Release Date: June 11, 2013
Publisher: Balzer + Bray
Source: Publisher via Edelweiss
Genre: Historical | YA Fantasy
Anna Van Housen has a secret.
A gifted illusionist, Anna assists her mother, the renowned medium Marguerite Van Housen, in her stage show and séances, easily navigating the underground world of magicians, mediums, and mentalists in 1920’s New York. As the illegitimate daughter of Harry Houdini—or so Marguerite claims—sleight of hand illusions have never been a challenge for Anna. The real trick is keeping her own gifts secret from her opportunistic mother. Because while Marguerite’s own powers may be a sham, Anna possesses a true ability to sense people’s feelings and foretell the future.
But as Anna’s powers intensify, she begins to experience frightening visions of her mother in peril, which leads her to explore the powers she’s tried so long to hide. And when a mysterious young man named Cole moves into the flat downstairs, introducing Anna to a secret society that studies people with gifts like hers, she is forced to confront her past and rethink everything she’s ever known. Is her mother truly in danger, or are Anna’s visions merely illusion? And could the great Houdini really be her father, or is it just another of Marguerite’s tricks?
From Teri Brown comes a world bursting with magic, with romance, and the temptations of Jazz Age New York—and the story of a girl about to become the mistress of her own destiny.
I love the Roaring Twenties, this era is very pivotal on so many levels, social classes and women's roles are being redefined, the jazz age influenced and changed people's fashion and lifestyles, and more importantly, people developed a fascination for the occult and magic. Seances, fortune telling, and magic shows were popular and Harry Houdini became a household name. And it's in this era that Teri Brown's BORN OF ILLUSION is set.

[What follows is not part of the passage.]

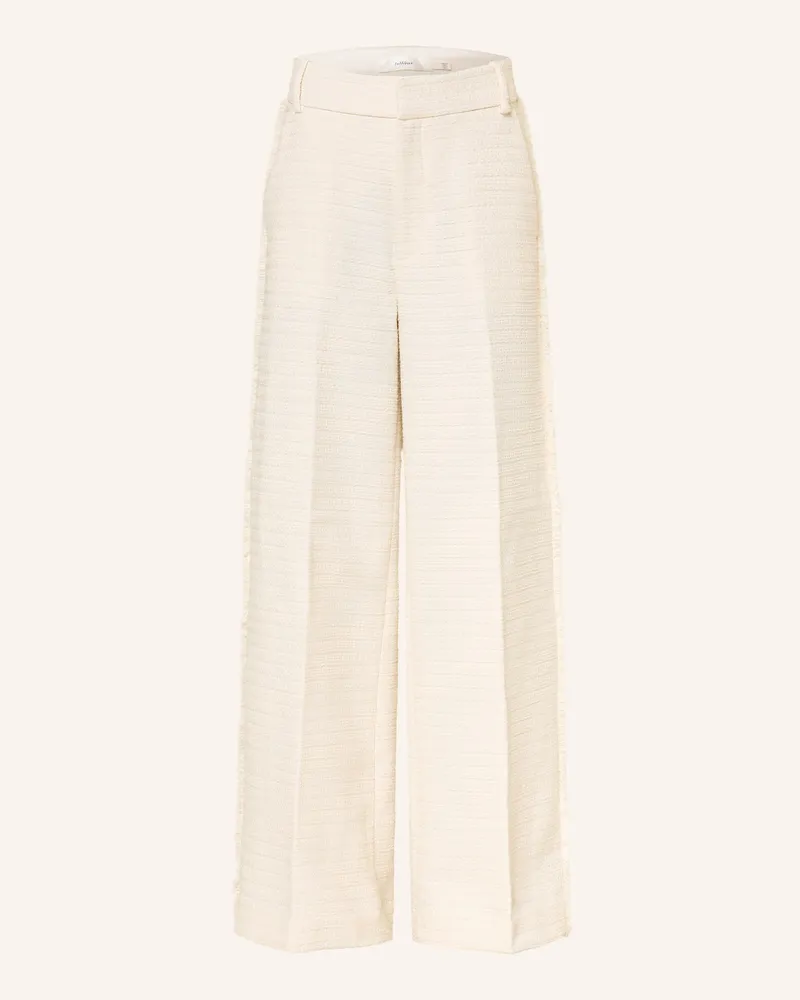 InWear Marlenehose CHEYANNEIW aus Tweed Ecru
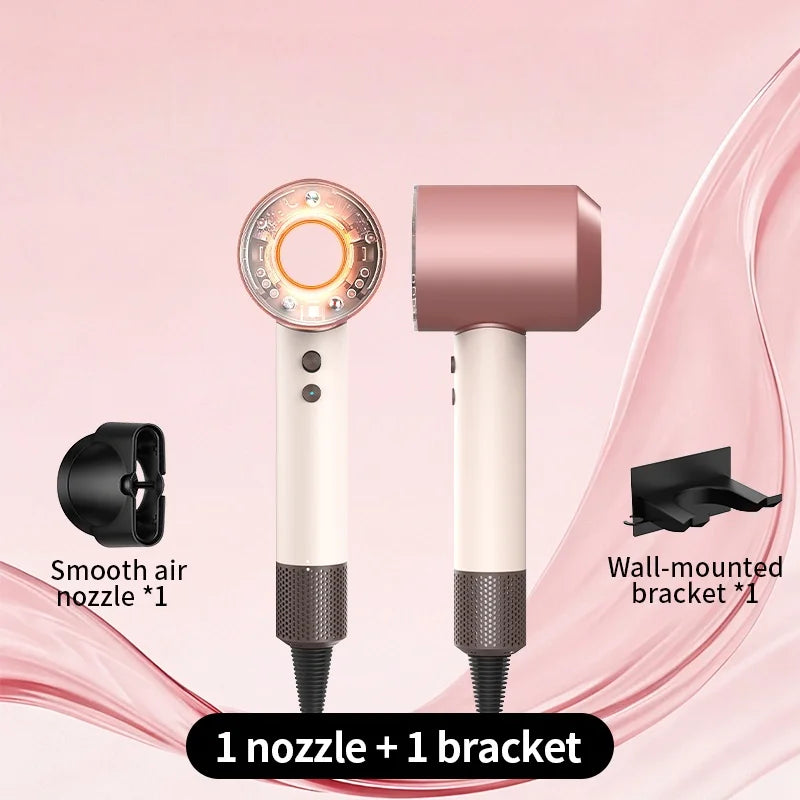 High Wind Home Negative Ion Silent Hair Dryer 1700W Intelligent Sensing Easy Hair Care Say Goodbye to Hot Hair Troubles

BORN OF ILLUSION may be classified as YA but it didn't really give off that YA feel to me after reading it. In fact it felt more like Women's Fiction/Fantasy than juvenile fiction, emotionally adult and definitely devoid of tantrums thrown by Anna Van Housen which is probably why I ended up loving BORN OF ILLUSION. It's YA because it's clean and Anna's a teen, other than that, her life, challenges and relationships is something that a lot of readers can relate to.
The main theme of BORN OF ILLUSION is Anna's relationship with her mother, Marguerite. There's a lot of tension between these two because Marguerite comes off as a selfish, vain, and jealous mother and Anna's struggling because she's coming to her own and she needs her mother the most at this time. These two's relationship was the hook of the story, I was on Anna's side the whole time because I understand where she's coming from and Marguerite is easy to dislike because of the antics that she pulled. Between the two, Anna was the matured one while Marguerite is the opposite. Aside from her evolving relationship with Marguerite, Harry Houdini's in town and as Anna is allegedly the famous illusionist's daughter, she wants to know if there a grain of truth in that. So Anna in short is in some sort of a cusp in her life and she handled it quite well, she didn't do stupid things like put herself in a precarious situation nor crack under pressure and started acting like a brat.

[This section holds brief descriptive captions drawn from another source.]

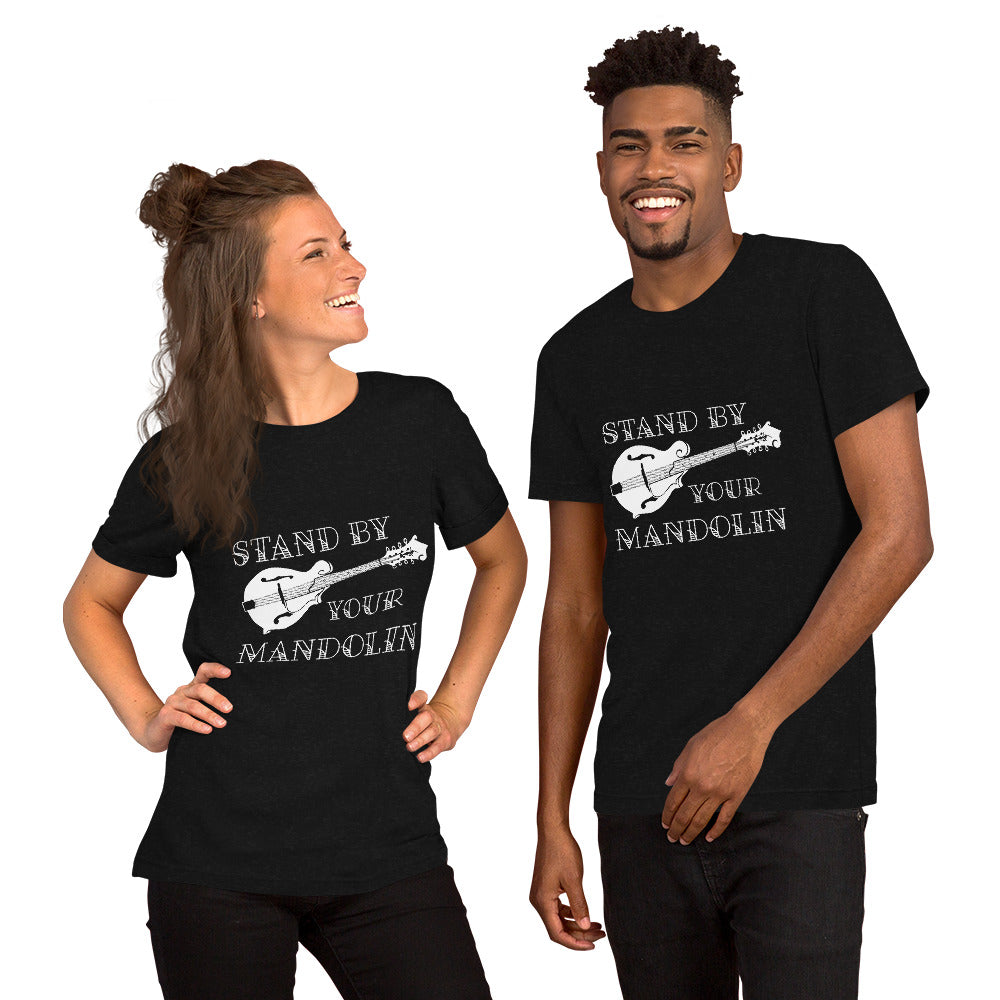 Stand by your Mandolin in White- Unisex Short Sleeve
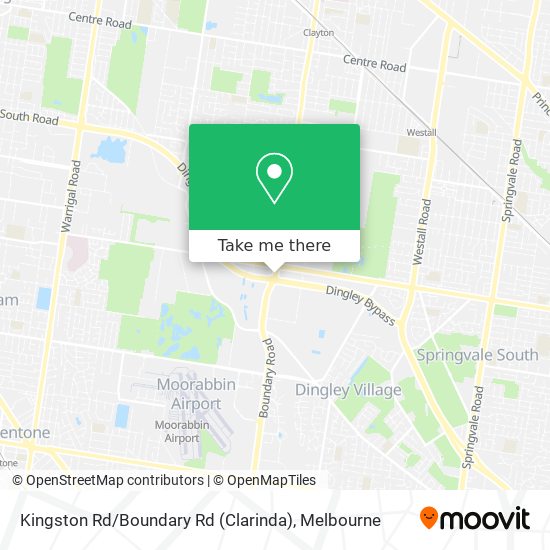 Kingston Rd / Boundary Rd (Clarinda) map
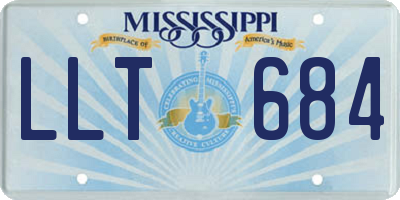 MS license plate LLT684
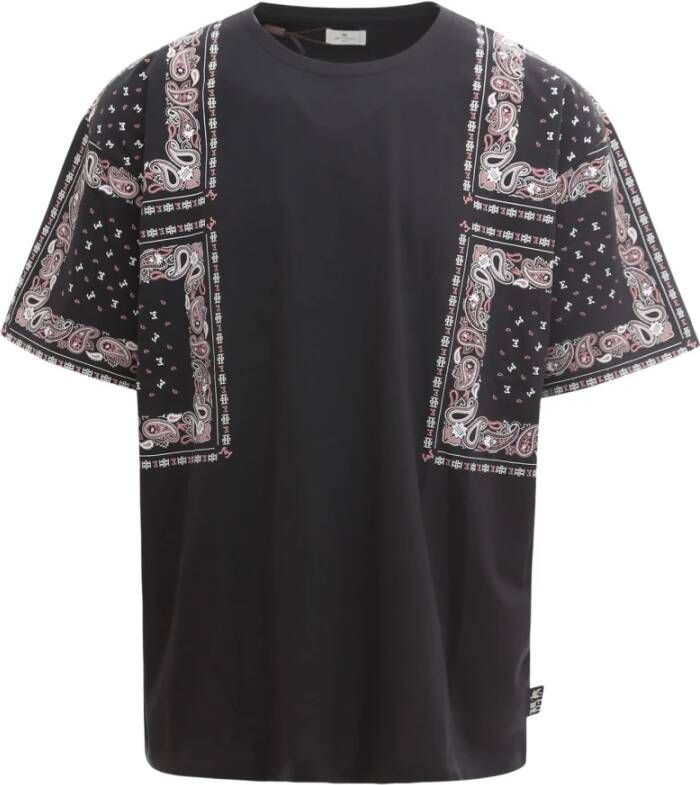 ETRO T-shirt 1Y6999186 Zwart Heren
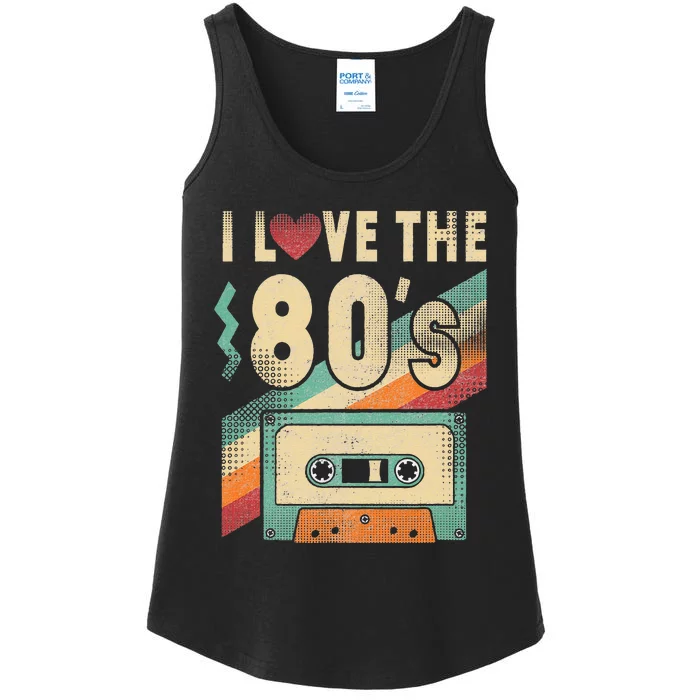 I Love The 80s 80s Vintage Clothes For Women And Men Ladies Essential Tank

Aside from the mystery involving Harry Houdini, someone's also out to get Anna to either exploit her or expose her scam with her mother. That part is well-written and I like how TBrown incorporated crazy psychics in that loop. Another good thing BORN OF ILLUSION has is the muted romance. YA is notorious for being romance driven and for some reason, teen love annoys me now. I guess I'm getting old LOL but it's the lack of teen romance that made BORN OF ILLUSION a winner for me.
This story arc was wrapped nicely opening a new story arc for Born of Deception. Based on my experience in this book and the premise for book 2, I will most definitely keep on reading the series. Anna's on the verge of something big and another great adventure is waiting for her in London so I surely want to read that.